[Available data]:
= = = = =

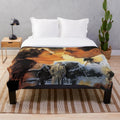 Casablanca (1942) movie inspired plush blanket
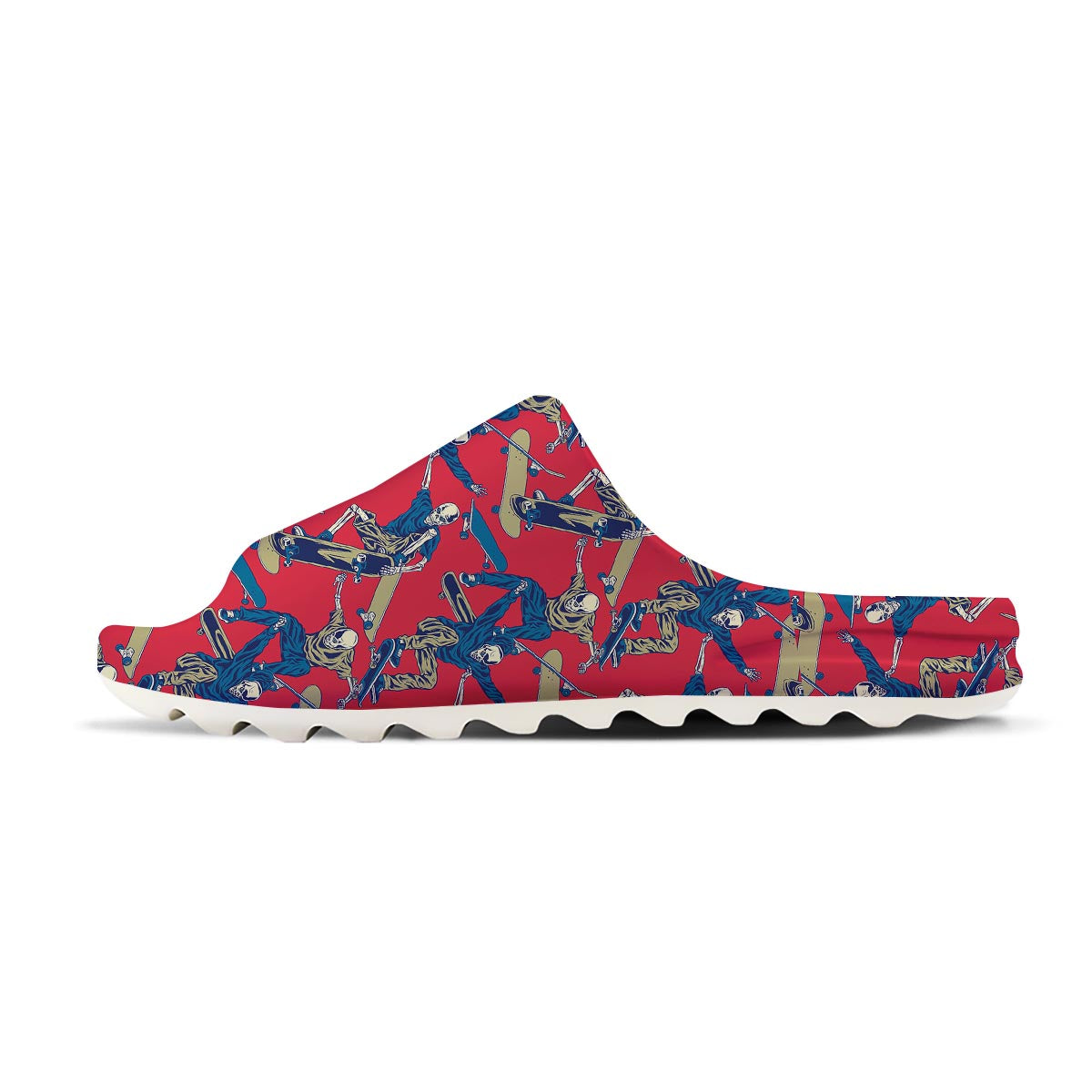 Skeleton Skateboarding Print Pattern Sandals-grizzshop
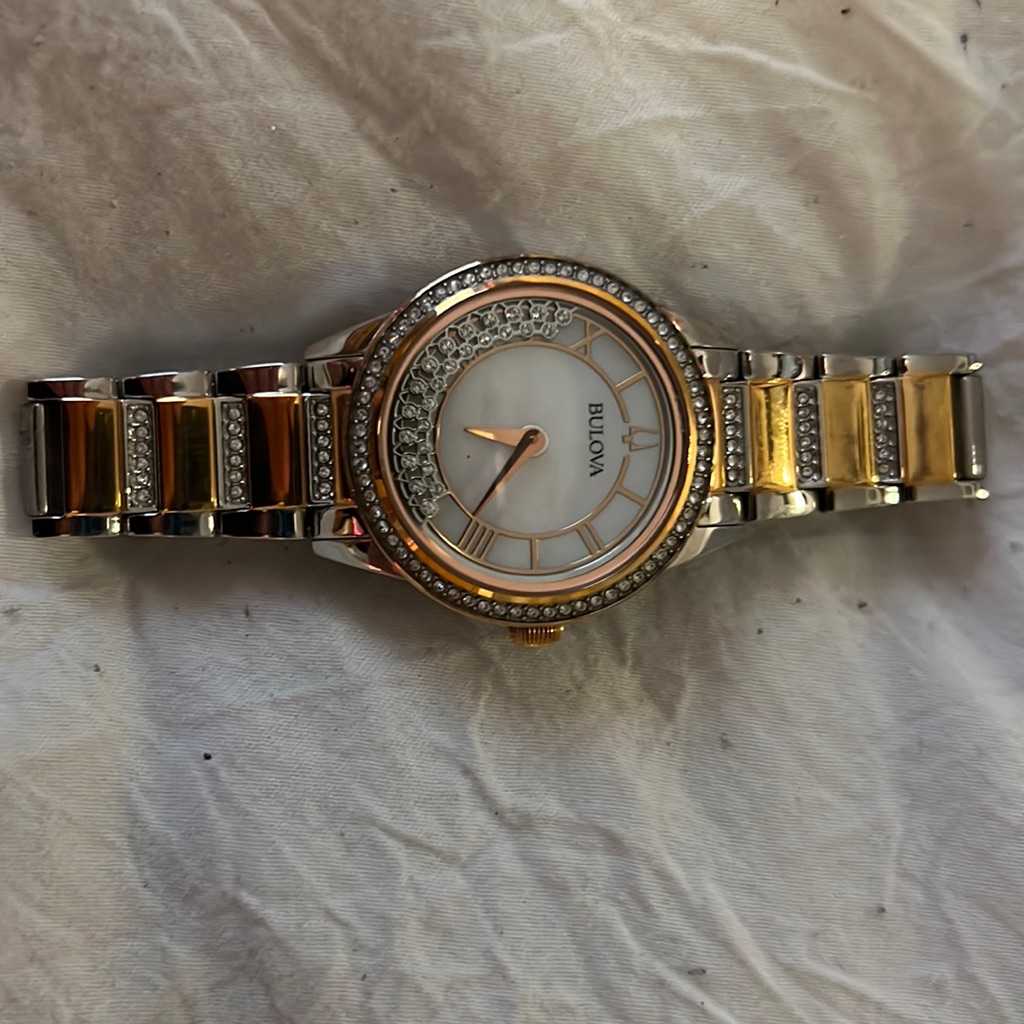 With Every Flick Of Your Wrist Dazzling Crystal Accents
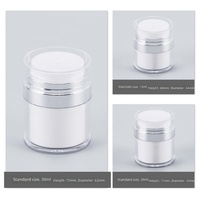 Flacon distributeur de crème sous vide, pot d'huile essentielle, pot de pommade, flacon de fond de teint, flacon de lotion avec pompe, vide, portable, pour voyage, échantillon rechargeable en ABS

= = = = =

[Assignment]: Quote precisely the lines of the data from the line containing "With Every Flick" through its final line, both included, excluding pictures.

[Task solution]:
 With Every Flick Of Your Wrist Dazzling Crystal Accents
 Flacon distributeur de crème sous vide, pot d'huile essentielle, pot de pommade, flacon de fond de teint, flacon de lotion avec pompe, vide, portable, pour voyage, échantillon rechargeable en ABS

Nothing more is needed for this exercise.